### Work instruction
Show every line of the data below that includes the word "Decorations".

### Dataset records
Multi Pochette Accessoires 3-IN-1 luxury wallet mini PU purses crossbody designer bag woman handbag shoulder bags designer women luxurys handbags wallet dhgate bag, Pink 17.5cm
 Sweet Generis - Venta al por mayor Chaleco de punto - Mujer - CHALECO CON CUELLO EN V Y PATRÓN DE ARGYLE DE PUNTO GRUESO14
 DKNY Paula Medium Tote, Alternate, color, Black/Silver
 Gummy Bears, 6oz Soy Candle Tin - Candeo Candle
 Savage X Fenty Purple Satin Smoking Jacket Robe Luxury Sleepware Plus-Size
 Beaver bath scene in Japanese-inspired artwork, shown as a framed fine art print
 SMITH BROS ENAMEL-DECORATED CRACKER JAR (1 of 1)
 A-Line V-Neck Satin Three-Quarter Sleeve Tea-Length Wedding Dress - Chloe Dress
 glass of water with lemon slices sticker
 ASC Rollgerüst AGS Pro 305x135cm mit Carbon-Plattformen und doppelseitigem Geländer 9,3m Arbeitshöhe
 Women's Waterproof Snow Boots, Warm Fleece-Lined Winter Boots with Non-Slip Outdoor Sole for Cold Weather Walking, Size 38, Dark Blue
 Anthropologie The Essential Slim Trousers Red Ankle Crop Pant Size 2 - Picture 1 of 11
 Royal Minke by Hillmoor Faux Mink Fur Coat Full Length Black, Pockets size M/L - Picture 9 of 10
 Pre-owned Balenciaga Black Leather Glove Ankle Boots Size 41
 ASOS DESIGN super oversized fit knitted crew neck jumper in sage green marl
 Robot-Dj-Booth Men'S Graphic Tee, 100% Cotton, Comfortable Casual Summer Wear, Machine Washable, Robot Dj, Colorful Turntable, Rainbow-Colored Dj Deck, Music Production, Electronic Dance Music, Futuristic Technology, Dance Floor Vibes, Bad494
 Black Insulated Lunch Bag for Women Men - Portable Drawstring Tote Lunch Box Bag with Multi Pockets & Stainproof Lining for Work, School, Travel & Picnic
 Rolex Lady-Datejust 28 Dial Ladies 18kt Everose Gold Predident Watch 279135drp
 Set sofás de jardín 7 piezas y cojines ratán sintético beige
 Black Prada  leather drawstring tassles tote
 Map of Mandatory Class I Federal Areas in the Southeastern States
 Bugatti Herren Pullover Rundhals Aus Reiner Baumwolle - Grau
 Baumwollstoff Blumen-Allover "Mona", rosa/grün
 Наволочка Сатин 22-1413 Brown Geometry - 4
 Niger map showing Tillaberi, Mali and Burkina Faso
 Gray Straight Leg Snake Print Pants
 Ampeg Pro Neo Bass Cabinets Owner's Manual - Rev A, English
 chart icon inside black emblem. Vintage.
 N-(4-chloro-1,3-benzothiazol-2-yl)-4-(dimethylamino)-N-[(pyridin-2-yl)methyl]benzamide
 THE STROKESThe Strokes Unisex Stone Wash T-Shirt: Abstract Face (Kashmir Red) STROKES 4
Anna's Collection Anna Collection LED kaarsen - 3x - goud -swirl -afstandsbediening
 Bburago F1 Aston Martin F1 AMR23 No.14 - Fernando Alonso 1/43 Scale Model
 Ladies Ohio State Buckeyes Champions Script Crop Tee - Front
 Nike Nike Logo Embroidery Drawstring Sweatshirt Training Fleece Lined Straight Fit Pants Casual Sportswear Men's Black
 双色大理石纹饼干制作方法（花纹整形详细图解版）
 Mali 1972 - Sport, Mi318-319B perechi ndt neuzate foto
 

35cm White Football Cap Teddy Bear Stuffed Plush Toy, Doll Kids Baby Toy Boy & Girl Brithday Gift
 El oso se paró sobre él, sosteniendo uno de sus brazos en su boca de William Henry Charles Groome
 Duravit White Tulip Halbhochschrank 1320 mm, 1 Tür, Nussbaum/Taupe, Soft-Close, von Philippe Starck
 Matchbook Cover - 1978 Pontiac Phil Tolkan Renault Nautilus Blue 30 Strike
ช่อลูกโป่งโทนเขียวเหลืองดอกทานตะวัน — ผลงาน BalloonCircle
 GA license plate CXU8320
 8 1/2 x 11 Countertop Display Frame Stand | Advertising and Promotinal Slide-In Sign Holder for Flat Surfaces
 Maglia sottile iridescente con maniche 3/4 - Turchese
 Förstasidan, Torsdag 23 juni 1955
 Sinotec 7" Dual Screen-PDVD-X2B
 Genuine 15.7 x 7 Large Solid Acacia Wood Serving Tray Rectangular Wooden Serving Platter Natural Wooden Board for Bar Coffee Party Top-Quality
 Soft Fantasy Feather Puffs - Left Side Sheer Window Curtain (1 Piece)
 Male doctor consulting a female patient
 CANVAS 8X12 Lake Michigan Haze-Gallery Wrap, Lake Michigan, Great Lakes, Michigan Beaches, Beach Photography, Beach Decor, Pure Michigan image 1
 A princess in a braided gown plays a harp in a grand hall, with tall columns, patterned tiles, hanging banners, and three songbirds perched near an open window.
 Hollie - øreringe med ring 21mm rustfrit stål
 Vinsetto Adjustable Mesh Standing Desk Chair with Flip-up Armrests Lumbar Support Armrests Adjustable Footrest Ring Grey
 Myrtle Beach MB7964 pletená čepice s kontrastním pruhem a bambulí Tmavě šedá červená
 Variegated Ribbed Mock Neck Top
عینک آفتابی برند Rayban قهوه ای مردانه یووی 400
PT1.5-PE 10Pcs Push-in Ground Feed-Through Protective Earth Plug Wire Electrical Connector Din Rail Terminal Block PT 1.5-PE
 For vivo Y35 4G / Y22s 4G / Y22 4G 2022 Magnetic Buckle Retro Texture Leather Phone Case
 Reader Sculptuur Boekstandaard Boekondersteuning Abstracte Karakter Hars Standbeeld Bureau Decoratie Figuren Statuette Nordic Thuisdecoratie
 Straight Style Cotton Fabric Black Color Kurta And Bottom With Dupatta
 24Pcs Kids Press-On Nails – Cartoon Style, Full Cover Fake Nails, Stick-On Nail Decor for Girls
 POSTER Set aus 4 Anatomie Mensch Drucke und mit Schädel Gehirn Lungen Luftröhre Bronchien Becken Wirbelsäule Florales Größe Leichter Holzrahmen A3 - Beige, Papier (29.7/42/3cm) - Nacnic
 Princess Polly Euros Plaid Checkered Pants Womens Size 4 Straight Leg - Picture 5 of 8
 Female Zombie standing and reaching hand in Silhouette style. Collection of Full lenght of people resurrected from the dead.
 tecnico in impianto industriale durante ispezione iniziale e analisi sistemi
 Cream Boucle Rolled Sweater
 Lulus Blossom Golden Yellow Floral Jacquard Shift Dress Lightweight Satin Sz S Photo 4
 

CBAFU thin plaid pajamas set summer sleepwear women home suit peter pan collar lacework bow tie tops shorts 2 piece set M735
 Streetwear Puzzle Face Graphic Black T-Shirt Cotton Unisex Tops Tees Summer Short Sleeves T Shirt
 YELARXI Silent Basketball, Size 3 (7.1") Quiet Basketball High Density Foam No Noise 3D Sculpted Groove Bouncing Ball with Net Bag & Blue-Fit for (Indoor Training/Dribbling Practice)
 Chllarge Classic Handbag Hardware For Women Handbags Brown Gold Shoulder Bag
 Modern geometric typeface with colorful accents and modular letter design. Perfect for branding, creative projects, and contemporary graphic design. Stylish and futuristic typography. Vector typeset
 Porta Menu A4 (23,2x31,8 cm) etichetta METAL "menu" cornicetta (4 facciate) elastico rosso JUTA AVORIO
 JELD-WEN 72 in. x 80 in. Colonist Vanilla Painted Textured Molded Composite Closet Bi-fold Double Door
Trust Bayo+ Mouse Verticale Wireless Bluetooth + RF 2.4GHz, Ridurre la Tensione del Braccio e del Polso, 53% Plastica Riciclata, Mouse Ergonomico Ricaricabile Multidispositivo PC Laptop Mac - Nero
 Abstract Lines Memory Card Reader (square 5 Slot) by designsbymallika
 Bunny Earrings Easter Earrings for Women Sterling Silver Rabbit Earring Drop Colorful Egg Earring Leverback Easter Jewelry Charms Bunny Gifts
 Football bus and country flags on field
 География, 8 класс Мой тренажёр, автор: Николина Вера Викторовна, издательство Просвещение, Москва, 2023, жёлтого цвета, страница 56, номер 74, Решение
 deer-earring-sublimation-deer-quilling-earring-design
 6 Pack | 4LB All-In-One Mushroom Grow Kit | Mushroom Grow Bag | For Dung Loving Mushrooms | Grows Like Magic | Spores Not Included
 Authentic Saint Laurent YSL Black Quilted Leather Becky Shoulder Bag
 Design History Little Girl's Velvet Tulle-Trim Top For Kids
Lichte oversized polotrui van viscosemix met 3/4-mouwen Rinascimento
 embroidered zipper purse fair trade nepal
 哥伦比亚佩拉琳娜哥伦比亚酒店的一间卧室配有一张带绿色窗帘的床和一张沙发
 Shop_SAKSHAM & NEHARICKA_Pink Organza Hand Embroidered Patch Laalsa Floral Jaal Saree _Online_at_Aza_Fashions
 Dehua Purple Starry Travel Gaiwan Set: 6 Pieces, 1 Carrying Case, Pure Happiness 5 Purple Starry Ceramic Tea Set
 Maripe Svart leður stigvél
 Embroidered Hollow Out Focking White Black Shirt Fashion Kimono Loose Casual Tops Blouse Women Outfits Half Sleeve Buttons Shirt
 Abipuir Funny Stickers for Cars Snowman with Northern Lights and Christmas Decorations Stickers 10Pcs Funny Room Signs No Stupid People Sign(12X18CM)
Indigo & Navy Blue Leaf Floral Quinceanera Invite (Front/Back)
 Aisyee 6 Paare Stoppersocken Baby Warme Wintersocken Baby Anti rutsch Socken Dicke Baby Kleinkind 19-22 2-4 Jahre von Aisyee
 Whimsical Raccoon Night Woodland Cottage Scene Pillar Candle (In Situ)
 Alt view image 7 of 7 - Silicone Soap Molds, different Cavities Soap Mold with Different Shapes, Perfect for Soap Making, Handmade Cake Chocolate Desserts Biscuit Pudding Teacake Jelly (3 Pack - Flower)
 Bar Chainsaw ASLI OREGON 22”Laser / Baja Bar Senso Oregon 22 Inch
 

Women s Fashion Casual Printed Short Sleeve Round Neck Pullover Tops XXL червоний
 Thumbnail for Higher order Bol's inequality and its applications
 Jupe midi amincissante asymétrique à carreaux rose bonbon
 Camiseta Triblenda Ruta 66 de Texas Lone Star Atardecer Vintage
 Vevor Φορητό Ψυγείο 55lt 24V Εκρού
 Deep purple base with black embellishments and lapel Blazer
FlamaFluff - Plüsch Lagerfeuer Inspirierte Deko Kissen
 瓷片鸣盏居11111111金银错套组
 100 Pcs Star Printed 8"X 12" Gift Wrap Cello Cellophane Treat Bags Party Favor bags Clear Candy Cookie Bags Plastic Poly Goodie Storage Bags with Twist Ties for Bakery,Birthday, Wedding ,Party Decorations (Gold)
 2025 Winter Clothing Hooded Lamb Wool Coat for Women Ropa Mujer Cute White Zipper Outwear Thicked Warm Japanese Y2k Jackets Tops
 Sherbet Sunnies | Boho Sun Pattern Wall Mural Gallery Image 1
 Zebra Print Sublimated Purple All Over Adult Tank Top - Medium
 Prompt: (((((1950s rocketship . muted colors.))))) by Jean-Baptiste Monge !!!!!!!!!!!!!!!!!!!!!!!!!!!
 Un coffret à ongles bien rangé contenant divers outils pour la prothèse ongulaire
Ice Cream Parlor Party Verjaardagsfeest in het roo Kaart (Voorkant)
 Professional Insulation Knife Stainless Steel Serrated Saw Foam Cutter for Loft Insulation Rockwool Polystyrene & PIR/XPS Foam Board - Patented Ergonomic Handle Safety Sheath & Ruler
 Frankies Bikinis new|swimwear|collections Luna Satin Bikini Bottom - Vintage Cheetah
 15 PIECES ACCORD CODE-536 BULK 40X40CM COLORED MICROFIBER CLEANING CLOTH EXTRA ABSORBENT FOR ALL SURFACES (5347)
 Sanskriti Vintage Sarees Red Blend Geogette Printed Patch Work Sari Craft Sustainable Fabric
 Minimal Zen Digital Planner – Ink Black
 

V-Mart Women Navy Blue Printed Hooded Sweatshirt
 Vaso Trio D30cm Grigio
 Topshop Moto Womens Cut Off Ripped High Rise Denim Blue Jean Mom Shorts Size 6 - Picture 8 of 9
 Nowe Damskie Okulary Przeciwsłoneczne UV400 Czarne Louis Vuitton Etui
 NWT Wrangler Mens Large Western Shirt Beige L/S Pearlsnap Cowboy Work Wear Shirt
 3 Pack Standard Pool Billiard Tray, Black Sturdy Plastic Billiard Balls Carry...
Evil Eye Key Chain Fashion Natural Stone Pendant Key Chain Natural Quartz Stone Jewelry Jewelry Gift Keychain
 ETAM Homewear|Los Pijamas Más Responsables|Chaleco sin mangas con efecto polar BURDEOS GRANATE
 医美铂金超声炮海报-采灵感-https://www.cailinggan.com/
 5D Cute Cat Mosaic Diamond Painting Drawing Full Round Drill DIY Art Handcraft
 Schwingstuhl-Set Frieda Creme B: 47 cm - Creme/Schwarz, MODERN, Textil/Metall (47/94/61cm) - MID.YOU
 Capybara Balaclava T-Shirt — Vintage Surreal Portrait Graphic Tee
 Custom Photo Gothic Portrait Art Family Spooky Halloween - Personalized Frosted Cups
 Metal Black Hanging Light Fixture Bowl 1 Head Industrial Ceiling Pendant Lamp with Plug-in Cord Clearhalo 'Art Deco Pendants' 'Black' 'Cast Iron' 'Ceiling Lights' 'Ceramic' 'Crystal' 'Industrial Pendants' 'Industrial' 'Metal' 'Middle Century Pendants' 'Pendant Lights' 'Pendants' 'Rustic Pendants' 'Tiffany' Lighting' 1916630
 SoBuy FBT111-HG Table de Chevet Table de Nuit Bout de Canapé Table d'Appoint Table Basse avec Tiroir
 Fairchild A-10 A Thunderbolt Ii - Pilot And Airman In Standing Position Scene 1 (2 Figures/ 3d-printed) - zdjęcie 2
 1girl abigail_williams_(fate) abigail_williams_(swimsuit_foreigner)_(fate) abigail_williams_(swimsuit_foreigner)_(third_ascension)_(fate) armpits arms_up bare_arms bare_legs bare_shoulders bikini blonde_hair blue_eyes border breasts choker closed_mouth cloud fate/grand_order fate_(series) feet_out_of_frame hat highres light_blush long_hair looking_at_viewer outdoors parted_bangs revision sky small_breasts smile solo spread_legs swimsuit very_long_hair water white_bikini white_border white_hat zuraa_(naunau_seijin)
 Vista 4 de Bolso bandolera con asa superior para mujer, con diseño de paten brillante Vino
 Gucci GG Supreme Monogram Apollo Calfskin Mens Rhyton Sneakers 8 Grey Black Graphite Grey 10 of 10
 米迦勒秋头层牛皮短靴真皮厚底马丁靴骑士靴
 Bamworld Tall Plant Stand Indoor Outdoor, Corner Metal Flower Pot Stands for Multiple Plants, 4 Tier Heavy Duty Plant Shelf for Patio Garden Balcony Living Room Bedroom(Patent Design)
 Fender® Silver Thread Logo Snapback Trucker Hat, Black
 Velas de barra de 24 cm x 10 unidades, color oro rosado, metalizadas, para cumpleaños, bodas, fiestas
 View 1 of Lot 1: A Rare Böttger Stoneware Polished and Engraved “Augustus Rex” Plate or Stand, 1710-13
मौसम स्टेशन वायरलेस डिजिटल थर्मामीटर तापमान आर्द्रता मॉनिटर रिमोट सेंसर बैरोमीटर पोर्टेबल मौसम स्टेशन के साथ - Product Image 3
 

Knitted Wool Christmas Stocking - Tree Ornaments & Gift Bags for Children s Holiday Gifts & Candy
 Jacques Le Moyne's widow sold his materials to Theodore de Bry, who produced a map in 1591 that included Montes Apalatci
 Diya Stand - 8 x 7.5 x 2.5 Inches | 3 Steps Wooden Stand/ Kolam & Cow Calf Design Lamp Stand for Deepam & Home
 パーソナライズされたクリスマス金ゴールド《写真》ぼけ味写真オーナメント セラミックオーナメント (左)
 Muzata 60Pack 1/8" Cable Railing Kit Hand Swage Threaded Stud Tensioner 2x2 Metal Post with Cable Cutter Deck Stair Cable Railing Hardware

### Output for this exercise
 Abipuir Funny Stickers for Cars Snowman with Northern Lights and Christmas Decorations Stickers 10Pcs Funny Room Signs No Stupid People Sign(12X18CM)
 100 Pcs Star Printed 8"X 12" Gift Wrap Cello Cellophane Treat Bags Party Favor bags Clear Candy Cookie Bags Plastic Poly Goodie Storage Bags with Twist Ties for Bakery,Birthday, Wedding ,Party Decorations (Gold)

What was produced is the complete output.